The cost of living savings in East Central Indiana are present all around, including housing costs in Muncie that are 10 percent lower than in Indianapolis, for example. In the smaller city of Richmond in Wayne County, housing costs are 24 percent less than Indianapolis.
One of the tens of thousands of residents happy to be in East Central Indiana is J.D. Collins, who lives with his wife, Jenny, in a rural setting in Hartford City in Blackford County. Collins is the national coordinator of men’s college basketball officials for the NCAA, which includes assigning all the officials for the March Madness NCAA tournament.
“I work from my home office but travel a lot, sometimes driving a couple times a week to the Indianapolis airport that is 90 minutes away from my house out in the country,” Collins says. “People occasionally ask why I don’t move closer to Indy. My answer is always because I really like where I live in Blackford County.”
Collins moved to Hartford City in 1984 after graduating from college and has lived there ever since, enjoying life in a rural community.
“I’ve always been a farm boy at heart, so Blackford County is comfortable and has extremely nice people,” he says. “Housing costs are very reasonable compared to the major cities of Indianapolis and Fort Wayne, and the overall cost of living in Blackford County is excellent.”
Muncie and Nowhere Else
Also relishing life in East Central Indiana is Kelsey Timmerman, who grew up in Union City, Ohio, attended Miami University in Ohio, then wanted to leave the Midwest to travel and see how people lived around the world. He backpacked and ultimately traveled to more than 80 countries, documenting his travel adventure stories.
“I started writing and got published in different magazines and newspapers, but my high school sweetheart, Annie, always wanted to return home to the Midwest,” Timmerman says. “The more I traveled, the more I was reminded of the beautiful images of flat fields of corn and soybeans in East Central Indiana.”

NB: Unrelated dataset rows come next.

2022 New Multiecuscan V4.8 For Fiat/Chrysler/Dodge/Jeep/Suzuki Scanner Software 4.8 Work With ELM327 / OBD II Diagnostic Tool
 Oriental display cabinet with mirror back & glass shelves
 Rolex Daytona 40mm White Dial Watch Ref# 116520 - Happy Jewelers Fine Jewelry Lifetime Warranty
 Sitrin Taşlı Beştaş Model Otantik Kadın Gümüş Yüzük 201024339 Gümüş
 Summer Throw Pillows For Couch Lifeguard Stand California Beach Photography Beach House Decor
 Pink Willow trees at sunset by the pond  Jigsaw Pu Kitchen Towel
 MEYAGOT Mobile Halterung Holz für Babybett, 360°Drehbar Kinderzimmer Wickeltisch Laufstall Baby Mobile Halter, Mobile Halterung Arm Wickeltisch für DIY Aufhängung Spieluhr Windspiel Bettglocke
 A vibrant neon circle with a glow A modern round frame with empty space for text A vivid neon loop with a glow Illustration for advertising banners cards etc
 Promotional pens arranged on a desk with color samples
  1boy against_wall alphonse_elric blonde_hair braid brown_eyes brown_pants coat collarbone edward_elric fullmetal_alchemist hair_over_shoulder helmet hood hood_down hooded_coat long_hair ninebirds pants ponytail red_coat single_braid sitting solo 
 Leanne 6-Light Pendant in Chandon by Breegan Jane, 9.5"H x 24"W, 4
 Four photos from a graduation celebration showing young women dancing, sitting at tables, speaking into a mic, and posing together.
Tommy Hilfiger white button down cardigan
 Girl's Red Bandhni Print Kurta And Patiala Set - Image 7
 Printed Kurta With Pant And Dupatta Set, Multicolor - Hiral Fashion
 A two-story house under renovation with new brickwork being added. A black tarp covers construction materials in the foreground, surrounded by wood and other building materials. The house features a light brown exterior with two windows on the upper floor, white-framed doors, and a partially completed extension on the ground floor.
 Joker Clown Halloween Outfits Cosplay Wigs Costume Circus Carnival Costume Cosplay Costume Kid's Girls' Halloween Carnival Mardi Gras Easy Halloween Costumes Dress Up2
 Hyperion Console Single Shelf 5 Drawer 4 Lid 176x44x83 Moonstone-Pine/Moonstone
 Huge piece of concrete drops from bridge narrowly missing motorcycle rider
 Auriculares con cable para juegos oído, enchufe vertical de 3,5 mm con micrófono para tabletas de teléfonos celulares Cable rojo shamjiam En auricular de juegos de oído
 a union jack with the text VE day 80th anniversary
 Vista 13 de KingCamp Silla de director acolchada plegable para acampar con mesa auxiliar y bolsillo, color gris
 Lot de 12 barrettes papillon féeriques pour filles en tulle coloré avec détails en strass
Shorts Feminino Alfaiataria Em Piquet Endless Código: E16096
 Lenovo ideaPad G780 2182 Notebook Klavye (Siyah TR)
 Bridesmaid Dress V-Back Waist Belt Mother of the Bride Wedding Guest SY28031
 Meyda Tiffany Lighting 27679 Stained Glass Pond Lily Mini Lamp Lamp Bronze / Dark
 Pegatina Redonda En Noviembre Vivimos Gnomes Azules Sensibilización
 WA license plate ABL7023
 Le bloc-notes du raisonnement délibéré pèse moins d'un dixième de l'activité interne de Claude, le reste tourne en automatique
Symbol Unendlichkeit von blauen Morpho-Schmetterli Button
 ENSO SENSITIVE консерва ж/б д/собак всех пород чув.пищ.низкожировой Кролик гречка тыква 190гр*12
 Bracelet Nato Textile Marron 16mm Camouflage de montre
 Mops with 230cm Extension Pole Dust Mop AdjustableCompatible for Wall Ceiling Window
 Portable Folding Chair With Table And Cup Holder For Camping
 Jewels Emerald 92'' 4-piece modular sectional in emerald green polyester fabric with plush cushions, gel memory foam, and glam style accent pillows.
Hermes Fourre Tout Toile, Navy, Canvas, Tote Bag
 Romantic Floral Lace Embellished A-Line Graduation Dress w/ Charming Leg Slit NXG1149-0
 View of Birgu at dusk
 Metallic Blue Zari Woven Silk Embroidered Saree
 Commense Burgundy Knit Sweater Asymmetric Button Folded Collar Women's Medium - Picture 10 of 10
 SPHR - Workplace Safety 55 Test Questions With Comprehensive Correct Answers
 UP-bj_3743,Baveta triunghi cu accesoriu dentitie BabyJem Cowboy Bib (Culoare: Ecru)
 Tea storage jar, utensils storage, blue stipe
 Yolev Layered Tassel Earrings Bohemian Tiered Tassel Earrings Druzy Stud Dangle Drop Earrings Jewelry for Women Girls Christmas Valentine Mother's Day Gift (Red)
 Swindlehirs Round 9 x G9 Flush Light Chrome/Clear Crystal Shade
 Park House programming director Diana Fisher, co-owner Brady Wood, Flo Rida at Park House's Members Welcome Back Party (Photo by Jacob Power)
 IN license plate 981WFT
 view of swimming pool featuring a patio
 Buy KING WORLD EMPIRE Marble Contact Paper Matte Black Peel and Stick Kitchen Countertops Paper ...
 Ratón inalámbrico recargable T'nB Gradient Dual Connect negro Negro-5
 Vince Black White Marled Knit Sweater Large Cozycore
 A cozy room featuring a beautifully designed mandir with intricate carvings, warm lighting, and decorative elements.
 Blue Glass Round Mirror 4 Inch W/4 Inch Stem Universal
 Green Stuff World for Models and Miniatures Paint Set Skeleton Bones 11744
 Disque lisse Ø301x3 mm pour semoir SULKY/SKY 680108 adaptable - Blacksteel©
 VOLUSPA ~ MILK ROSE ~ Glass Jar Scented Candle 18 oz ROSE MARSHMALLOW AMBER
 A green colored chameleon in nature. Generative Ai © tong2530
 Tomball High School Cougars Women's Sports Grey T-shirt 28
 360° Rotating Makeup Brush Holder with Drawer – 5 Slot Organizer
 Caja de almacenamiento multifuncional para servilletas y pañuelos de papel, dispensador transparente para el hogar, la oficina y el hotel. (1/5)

The couple returned to the region in 2007, got an apartment in Muncie and remained, yet today, in a rural setting on the outskirts of town. As a result of his previous journeys to foreign countries like Honduras, Bangladesh, Cambodia and China, Timmerman published a book in 2008, Where Am I Wearing? A Global Tour to the Countries, Factories, and People That Make Our Clothes, which made the New York Times best sellers list.
“Some people aren’t sure why I’m still living in Muncie, saying that I’ve gained success as a writer and can work from anywhere in the world,” he says. “But I’ve made many connections in Muncie and got involved with volunteering and other aspects of the community. I wouldn’t want to live anywhere else.”
Second Book & Soon a Third
Timmerman has since written a second book, Where Am I Eating? An Adventure through the Global Food Economy, and is currently penning a third, Where Am I Giving? A Global Adventure of How to Use Your Gifts and Talents to Make a Difference.
“These days, I speak at colleges, universities, high schools and speaker series around the nation, but I always look forward to returning home to Muncie,” he says. “Muncie offers a good cost of living, affordable housing and I work at a co-working space in the city. I even do my morning workout every day at Muncie CrossFit at The Arsenal and then head to work by 10.”